Selasa, 06 Mei 2025

Bokong Yang Kusuka Part 17

17. Pahit Manis Hubungan

Keesokan paginya, suasana di antara Mario dan Yusuf terasa kaku, seperti kabut pagi yang enggan beranjak dari puncak gunung. Baru enam bulan mereka berjalan bersama, namun pohon cinta yang mereka tanam sudah mulai digoyang angin—meski angin itu tak terlalu kencang. Seperti biasa, Yusuf menyiapkan sarapan kesukaan Mario: nasi goreng dengan telur mata sapi, dan segelas susu kacang kedelai. Namun, kali ini dia hanya meletakkannya begitu saja di lemari kecil, tempat di mana biasanya ia menyimpan sisa makanan untuk Mario, tanpa kata atau senyuman yang biasa menghiasi pagi mereka. Setelah itu, Yusuf meninggalkan Mario yang masih tertidur lelap, menuju kolam renang di kompleks apartemen mereka.
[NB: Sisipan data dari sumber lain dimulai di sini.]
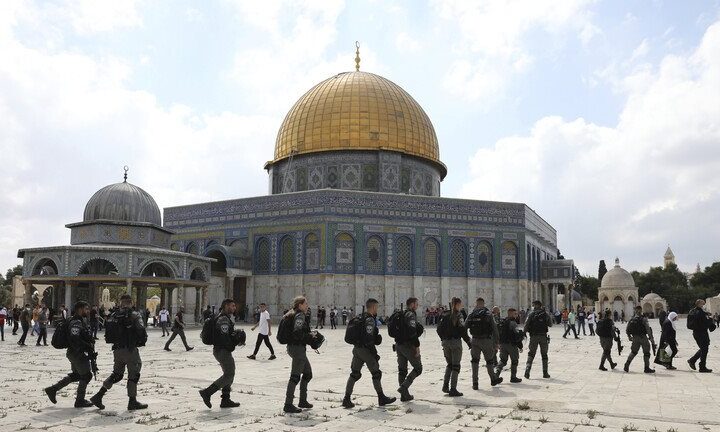 الرئاسة الفلسطينية تؤكد: السلام والأمن مستحيلان طالما أن القدس تحت الاحتلال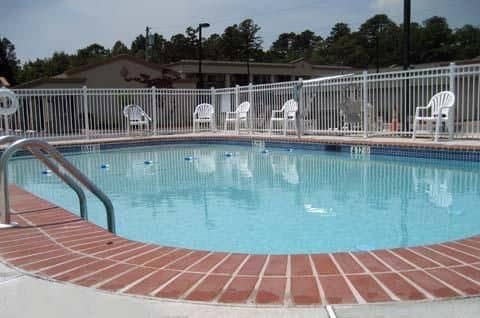 Quality Inn & Suites Atlantic City Marina District Quality Inn & Suites Atlantic City Marina District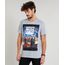 Camiseta-Masculina-Liga-da-Justica-Manga-Curta-Gola-Careca-Cinza-Mescla-8758246-Cinza_Mescla_1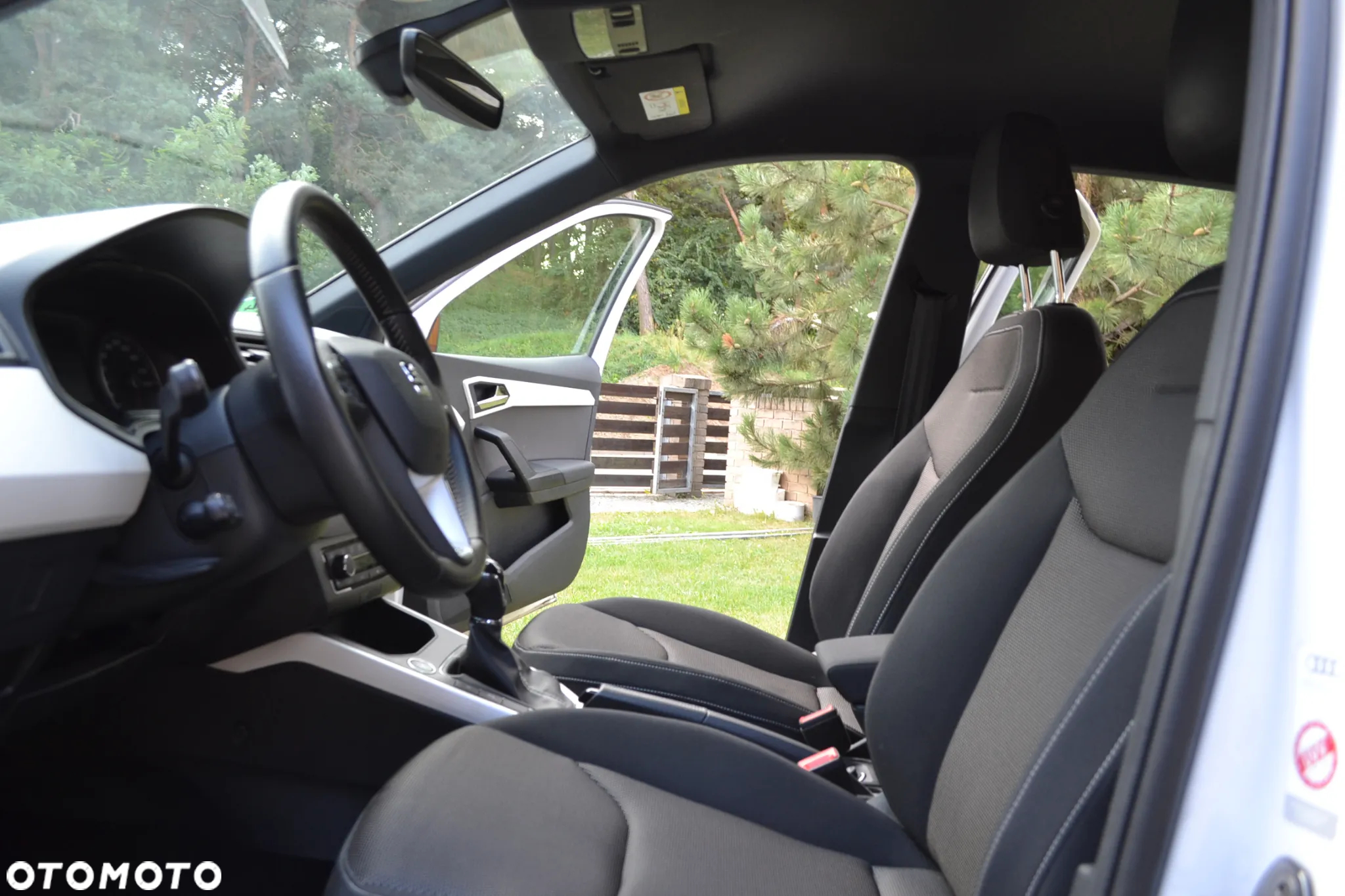 Seat Arona - 10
Di tepi kolam, Yusuf duduk termenung, Yusuf duduk dengan rokok yang terus menyala, gelas kopi hitam yang mengepulkan uap, menatap kolam yang ramai, namun hatinya terasa kosong. Ia tidak tahu kapan tepatnya kebahagiaan mereka mulai dipertanyakan, namun rasa cemas itu tak pernah benar-benar hilang, berputar-putar seperti daun yang terbawa arus. Tak lama, Mario muncul, membawa piring berisi sarapan dan segelas susu kacang kedelai, lalu duduk di depan Yusuf.

"Aku mau disuapin sama kamu," ujar Mario, suaranya bergetar, penuh harapan yang tak tertutup lagi. "Ini kan yang kamu mau? Kita tunjukkan ke mereka, biar mereka tahu kita pacaran. Ayo, suapin aku."

Mario menyeka air mata yang mulai mengalir di pipinya, meski ia berusaha menahan agar tak jatuh.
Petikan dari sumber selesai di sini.